*TASK GOAL*
This exercise calls for the whole listing to be given again exactly, without images.

(GIVEN DATA begins)

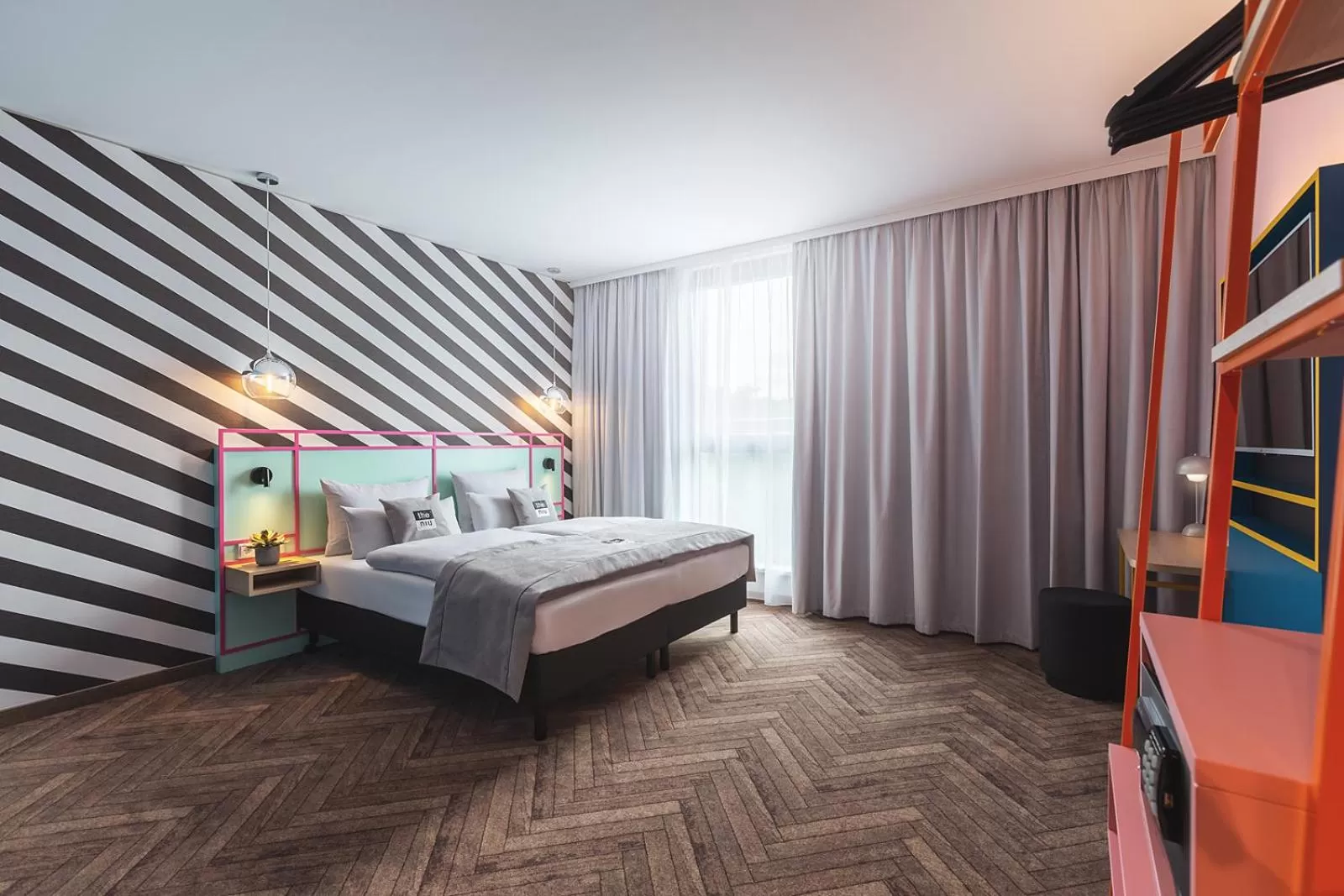 Staff, Bed in Holiday Inn - the niu, Belt Frankfurt Eschborn by IHG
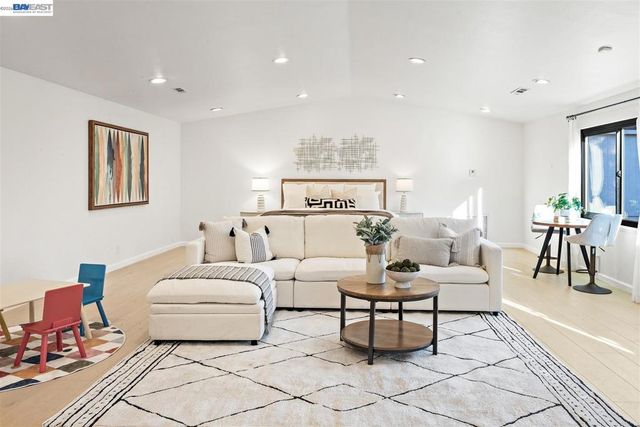 21928 Baywood Ave, Castro Valley, CA 94546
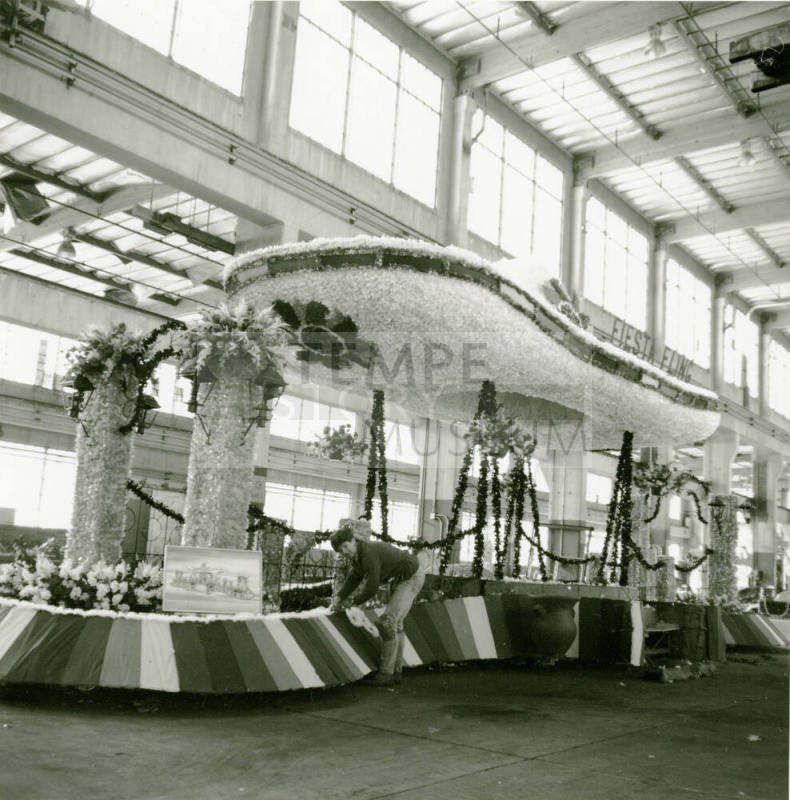 Fiesta Bowl parade to have 42 floats. - Tempe Daily News, December 28 1984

(GIVEN DATA ends)

*TASK RESPONSE*
 Staff, Bed in Holiday Inn - the niu, Belt Frankfurt Eschborn by IHG
 21928 Baywood Ave, Castro Valley, CA 94546
 Fiesta Bowl parade to have 42 floats. - Tempe Daily News, December 28 1984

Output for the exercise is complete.